Estranhamente, o governo Lula, mescla de partidos populares e conservadores, tem sido o instrumento para a desfiguração das conquistas do povo brasileiro, introduzidas na Constituição. Uma dessas conquistas, talvez a mais bem-estruturada, foi a criação da seguridade social, forte institucionalmente, com uma autarquia constitucional, o Instituto Nacional de Seguro Social (INSS). Deu-se-lhe fontes autônomas de recursos tributários e orçamento próprio. Sofre, entretanto, a investida aniquiladora decisiva, mediante a atual formulação da reforma tributária, a Proposta de Emenda Constitucional, (PEC) nº. 233/08.
Em realidade, o que se tenta fazer agora não é surpresa. Trata-se de decorrência da criação da SuperReceita, que incorporou a contribuição previdenciária ao elenco de tributos administrados pela Receita Federal, extinguiu a Secretaria da Receita Previdenciária e retirou da competência dos procuradores do INSS a execução dos seus devedores. Devedores de bilhões de reais.
Essa PEC nº 233/08, em oportunismo político, extingue as contribuições poderosas PIS, Cofins e CSLL que fornecem recursos à seguridade social. Mata as fontes autônomas de recursos. Cria um bolão a ser distribuído. Se a reforma passar, todo o trabalho de assegurar constitucionalmente um modelo de seguridade forte, robusto, eficaz, vai para o saco das manipulações e alquimias da tecnocracia servil dos interesses das organizações internacionais e dos poderosos economicamente.
Agora em outubro deveriam ocorrer os festejos dos 20 anos de vigência da Constituição de 1988. A ambiência, se não é ainda de velório, parece mais a que acompanha a agonia dos padecentes de moléstia grave, desenganados.
Com efeito, as forças conservadoras do neoliberalismo estão a aproveitar a ocasião para, a propósito do que seria a comemoração da Constituição Cidadã, do Dr. Ulisses, fazer-lhe virulenta crítica, compensando as pesadas derrotas que estão sofrendo nos mercados financeiros dos países centrais. A realidade é que, nestes 20 anos de existência, a atual Constituição, de caráter eminentemente social, tem sofrido permanente erosão, mediante mais de 60 emendas constitucionais.

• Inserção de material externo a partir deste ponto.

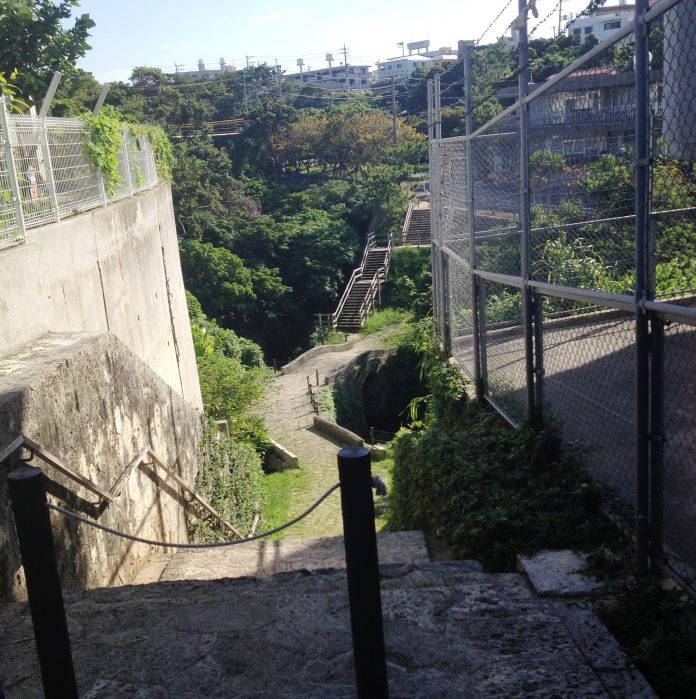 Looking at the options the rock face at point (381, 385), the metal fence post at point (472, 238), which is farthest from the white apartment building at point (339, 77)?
the metal fence post at point (472, 238)

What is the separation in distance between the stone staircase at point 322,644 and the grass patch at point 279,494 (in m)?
6.64

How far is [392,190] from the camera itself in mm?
39531

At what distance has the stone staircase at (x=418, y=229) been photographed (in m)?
37.6

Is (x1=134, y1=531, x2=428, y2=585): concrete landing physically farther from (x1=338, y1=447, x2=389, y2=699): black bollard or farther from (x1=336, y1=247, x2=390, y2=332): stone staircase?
(x1=336, y1=247, x2=390, y2=332): stone staircase

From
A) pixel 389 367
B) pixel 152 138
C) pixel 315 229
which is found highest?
pixel 152 138

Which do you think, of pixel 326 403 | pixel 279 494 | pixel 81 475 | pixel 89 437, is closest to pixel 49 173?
pixel 89 437

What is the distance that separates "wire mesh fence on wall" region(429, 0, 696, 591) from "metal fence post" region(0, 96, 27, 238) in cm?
412

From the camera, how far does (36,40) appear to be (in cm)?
1717

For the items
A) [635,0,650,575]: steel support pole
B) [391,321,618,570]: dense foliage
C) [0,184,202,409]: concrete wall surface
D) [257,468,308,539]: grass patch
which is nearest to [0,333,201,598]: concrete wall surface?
[0,184,202,409]: concrete wall surface

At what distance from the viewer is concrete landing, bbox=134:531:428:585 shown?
5605 mm

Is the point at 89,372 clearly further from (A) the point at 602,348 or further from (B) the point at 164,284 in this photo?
(B) the point at 164,284

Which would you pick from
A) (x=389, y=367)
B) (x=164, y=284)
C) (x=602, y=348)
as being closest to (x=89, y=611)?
(x=602, y=348)

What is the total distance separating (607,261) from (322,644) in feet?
9.61

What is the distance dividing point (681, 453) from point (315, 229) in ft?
112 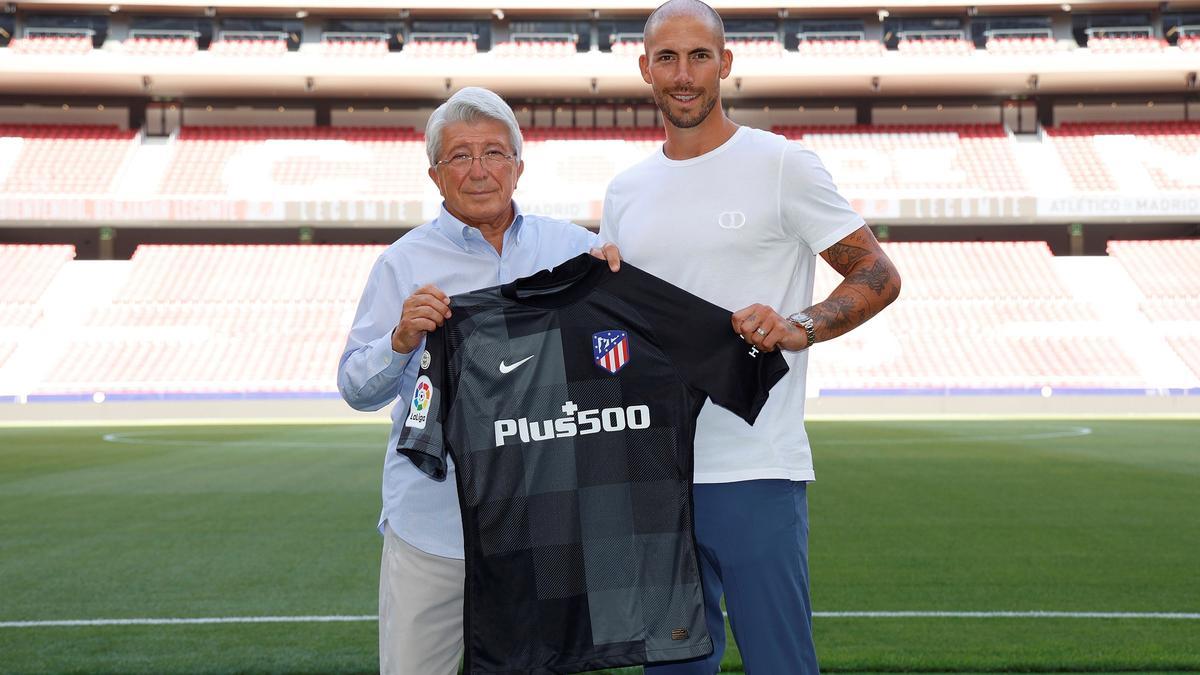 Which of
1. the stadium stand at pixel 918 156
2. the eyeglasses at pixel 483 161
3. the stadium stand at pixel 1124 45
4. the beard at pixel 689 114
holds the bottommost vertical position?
the stadium stand at pixel 918 156

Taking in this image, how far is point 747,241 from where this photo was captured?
8.23 ft

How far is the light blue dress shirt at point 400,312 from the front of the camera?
2.47m

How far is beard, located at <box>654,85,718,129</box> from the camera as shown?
2557mm

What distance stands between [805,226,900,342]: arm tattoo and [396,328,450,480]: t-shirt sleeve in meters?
0.81

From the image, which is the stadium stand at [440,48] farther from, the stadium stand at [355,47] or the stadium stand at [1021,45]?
the stadium stand at [1021,45]

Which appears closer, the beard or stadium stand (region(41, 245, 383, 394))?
the beard

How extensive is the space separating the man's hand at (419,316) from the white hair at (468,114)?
34 cm

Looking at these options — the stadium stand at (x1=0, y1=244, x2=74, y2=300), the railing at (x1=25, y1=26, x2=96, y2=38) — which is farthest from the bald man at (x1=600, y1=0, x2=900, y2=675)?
the railing at (x1=25, y1=26, x2=96, y2=38)

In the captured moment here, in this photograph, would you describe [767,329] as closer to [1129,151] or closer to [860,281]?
[860,281]

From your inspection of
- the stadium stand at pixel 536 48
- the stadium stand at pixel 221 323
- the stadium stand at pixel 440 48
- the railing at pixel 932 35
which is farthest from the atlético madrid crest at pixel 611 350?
the railing at pixel 932 35

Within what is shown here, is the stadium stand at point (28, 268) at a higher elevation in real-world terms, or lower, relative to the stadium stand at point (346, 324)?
higher

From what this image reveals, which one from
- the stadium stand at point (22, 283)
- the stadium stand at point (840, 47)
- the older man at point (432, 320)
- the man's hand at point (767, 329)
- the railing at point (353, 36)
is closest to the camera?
the man's hand at point (767, 329)

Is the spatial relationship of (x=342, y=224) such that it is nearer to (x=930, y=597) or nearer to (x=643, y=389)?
(x=930, y=597)

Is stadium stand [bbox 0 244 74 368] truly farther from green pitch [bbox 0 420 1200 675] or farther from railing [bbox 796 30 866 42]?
railing [bbox 796 30 866 42] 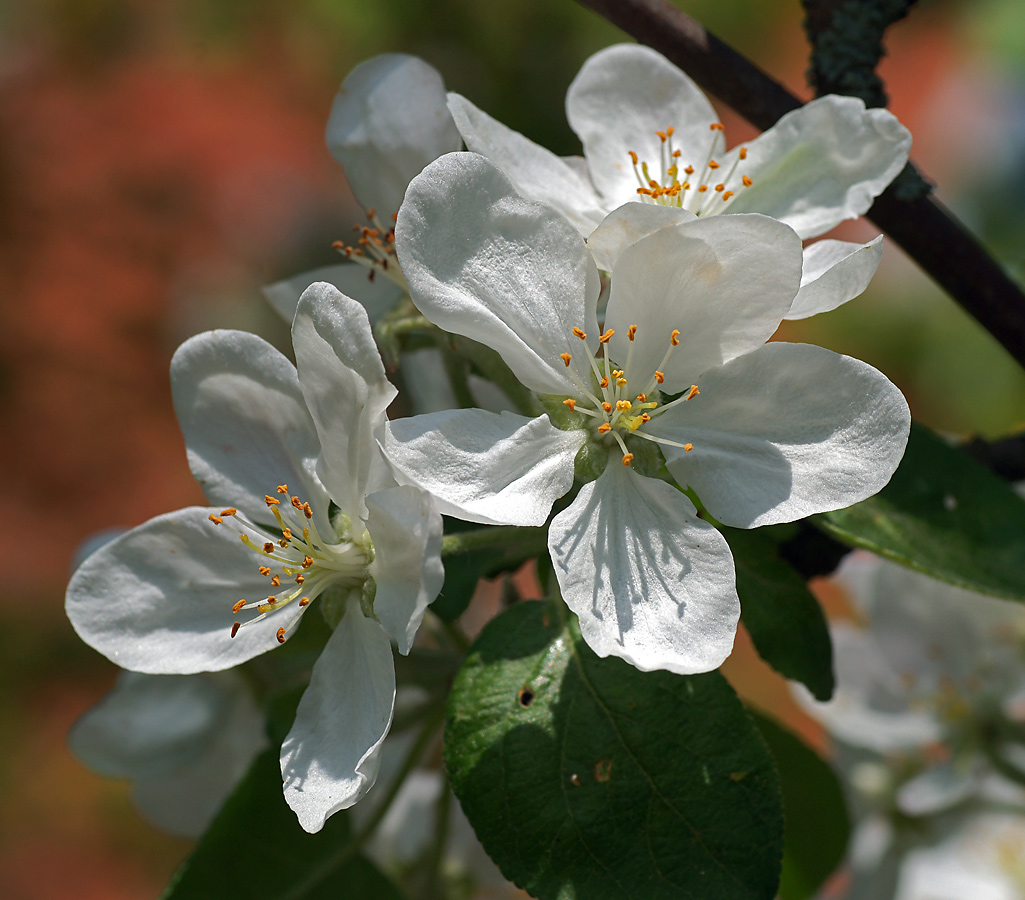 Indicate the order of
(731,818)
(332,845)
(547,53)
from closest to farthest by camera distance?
(731,818) → (332,845) → (547,53)

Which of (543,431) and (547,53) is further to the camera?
(547,53)

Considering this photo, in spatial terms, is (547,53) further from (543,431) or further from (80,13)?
(543,431)

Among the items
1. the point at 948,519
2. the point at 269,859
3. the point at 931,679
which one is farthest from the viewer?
the point at 931,679

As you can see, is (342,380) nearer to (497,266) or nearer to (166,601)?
(497,266)

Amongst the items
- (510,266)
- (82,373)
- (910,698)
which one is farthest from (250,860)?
(82,373)

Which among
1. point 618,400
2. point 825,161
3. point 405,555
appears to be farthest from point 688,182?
point 405,555

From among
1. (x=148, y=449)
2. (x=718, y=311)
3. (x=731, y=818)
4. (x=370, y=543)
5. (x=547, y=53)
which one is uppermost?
(x=718, y=311)

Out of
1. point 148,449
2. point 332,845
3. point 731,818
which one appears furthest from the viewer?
point 148,449
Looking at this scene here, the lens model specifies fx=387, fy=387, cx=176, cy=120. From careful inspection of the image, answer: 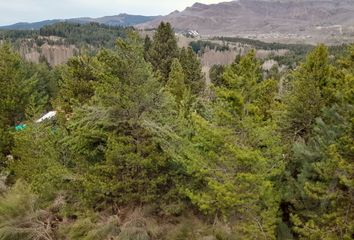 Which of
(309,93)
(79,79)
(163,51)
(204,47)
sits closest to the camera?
(309,93)

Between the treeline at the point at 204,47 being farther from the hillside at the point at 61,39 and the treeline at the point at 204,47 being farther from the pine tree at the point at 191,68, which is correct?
the pine tree at the point at 191,68

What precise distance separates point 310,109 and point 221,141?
16.9 ft

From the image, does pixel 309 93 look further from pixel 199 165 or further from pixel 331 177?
pixel 199 165

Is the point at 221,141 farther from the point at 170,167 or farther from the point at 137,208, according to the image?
the point at 137,208

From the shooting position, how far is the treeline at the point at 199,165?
12.3 m

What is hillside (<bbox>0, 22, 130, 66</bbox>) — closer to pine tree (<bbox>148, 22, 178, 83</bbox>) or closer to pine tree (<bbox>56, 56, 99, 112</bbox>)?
pine tree (<bbox>148, 22, 178, 83</bbox>)

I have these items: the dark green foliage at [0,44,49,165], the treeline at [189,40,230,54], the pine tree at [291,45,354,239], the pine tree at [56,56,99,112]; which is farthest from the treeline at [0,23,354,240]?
the treeline at [189,40,230,54]

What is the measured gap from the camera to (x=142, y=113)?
49.2ft

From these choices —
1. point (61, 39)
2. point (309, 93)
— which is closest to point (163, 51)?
point (309, 93)

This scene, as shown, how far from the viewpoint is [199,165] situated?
1335 cm

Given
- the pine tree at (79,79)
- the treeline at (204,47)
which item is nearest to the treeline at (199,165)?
the pine tree at (79,79)

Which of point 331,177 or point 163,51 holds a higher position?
point 163,51

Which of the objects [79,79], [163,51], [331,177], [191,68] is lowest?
[191,68]

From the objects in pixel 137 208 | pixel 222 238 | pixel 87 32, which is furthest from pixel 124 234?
pixel 87 32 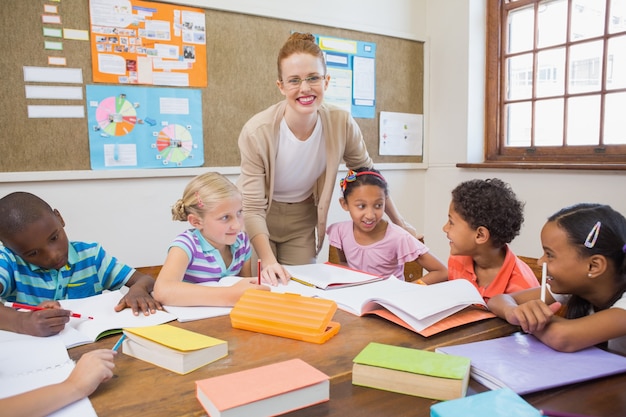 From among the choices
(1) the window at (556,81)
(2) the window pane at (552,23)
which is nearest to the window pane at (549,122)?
(1) the window at (556,81)

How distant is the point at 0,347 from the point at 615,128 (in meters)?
3.08

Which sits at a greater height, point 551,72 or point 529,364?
point 551,72

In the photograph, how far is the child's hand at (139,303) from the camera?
1127 mm

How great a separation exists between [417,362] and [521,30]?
3154mm

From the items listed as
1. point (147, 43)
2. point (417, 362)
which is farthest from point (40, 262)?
point (147, 43)

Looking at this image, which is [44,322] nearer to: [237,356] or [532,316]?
[237,356]

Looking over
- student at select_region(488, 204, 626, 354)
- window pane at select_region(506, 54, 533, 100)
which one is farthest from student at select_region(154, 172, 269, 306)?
window pane at select_region(506, 54, 533, 100)

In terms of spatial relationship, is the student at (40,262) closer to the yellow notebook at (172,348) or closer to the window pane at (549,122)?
the yellow notebook at (172,348)

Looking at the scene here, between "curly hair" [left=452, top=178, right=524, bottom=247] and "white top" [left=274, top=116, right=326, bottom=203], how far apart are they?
23.9 inches

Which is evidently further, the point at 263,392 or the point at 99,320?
the point at 99,320

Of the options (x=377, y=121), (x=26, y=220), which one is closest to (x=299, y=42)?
(x=26, y=220)

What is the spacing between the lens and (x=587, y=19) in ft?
9.38

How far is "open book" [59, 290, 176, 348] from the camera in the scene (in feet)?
3.16

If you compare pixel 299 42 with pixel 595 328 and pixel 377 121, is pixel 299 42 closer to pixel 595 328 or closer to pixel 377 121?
pixel 595 328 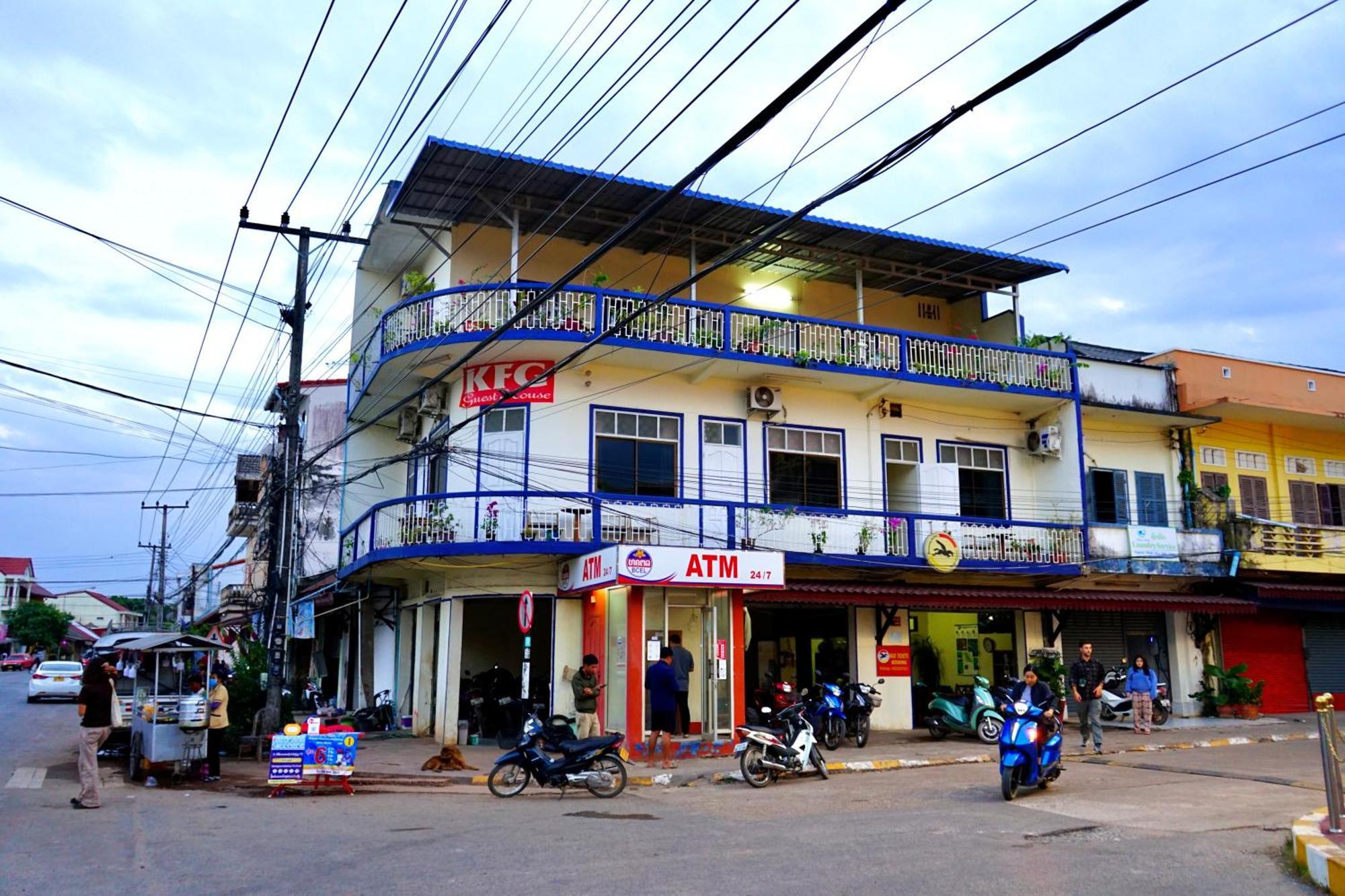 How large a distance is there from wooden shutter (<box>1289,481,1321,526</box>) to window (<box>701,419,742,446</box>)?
1552 cm

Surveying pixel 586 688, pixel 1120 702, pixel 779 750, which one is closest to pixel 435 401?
pixel 586 688

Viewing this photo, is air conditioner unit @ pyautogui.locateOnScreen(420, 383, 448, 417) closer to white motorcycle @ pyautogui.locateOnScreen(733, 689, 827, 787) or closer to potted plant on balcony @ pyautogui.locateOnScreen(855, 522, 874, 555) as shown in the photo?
potted plant on balcony @ pyautogui.locateOnScreen(855, 522, 874, 555)

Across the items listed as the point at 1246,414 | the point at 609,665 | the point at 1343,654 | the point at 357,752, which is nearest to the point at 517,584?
the point at 609,665

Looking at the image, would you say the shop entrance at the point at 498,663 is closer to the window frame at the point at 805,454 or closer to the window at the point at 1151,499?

Alguns dos atentados aos direitos e garantias que ela assegura ainda se encontram em fase de articulação, não ousando os seus líderes partir para o confronto aberto, pois não há garantia prévia de vitória.
Sabiamente, as forças trabalhadoras melhoraram a qualidade dos seus direitos. Elevaram-nos da lei, a Consolidação das Leis do Trabalho (CLT), e conseguiram dar-lhes guarida na Constituição. Daí a dificuldade de promover a sua castração. A reforma trabalhista, nome eufêmico para a poda dos direitos do trabalhador, aguarda melhor estação para a realização.
Mas esse quadro catastrófico à seguridade social não é desesperador. Se os partidos da esquerda de outrora permanecem estáticos diante da investida castradora, há resistências bem organizadas e ativas.
A Associação Nacional dos Servidores da Previdência e da Seguridade Social (ANASPS) acaba de publicar "O livro negro da Previdência 2008". Constitui a 6ª edição dessa obra, de caráter anual, analisando o que ocorreu no âmbito da previdência no ano de 2008. Constitui um libelo sólido, denunciando as mazelas, irregularidades, distorções, que povoam esta instituição, tão estratégica para o povo brasileiro. Trata-se de trabalho exemplar de crítica e colaboração para o aperfeiçoamento da previdência social, leitura obrigatória para quem preza o papel do seguro social, exemplo de atuação associativa, que visa a preservar instituição que tem sido administrada caoticamente. É um trabalho construtivo para o aperfeiçoamento da previdência social oficial. A técnica expositiva é clara e completa. As sugestões são as de quem quer o melhor. Governo sério, preocupado com o bem-estar do povo, não pode ignorá-las. Ler, fazer autocrítica e mudar, para a Previdência Social preservar o que é essencial para o povo brasileiro. A Previdência Social oficial, base do futuro tranqüilo para gerações de brasileiros, perdeu o rumo, assaltada por piratas, pilotada por arrivistas incompetentes. Deve mudar para sobreviver e servir ao povo trabalhador.